*PROBLEM TO SOLVE*
Set down every line of the data exactly, skipping the pictures.

*THE DATA*

--- START ---

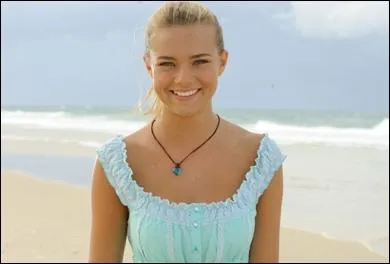 Dans quel pisode Rikki coute-t-elle une chanson de Bella sur la radio, dans la chambre de Clo ?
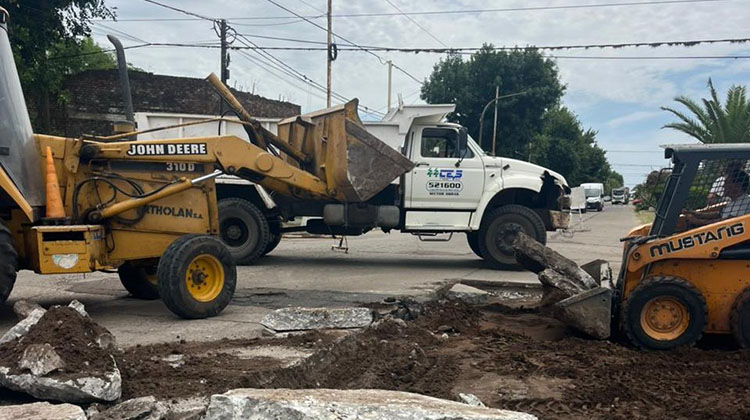 Contin&uacute;an las obras de bacheo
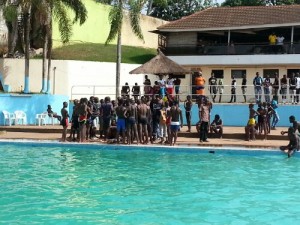 Article : Un adolescent retrouvé mort dans la piscine du Club Communal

--- END ---

*REPLY TO THE EXERCISE*
 Dans quel pisode Rikki coute-t-elle une chanson de Bella sur la radio, dans la chambre de Clo ?
 Contin&uacute;an las obras de bacheo
 Article : Un adolescent retrouvé mort dans la piscine du Club Communal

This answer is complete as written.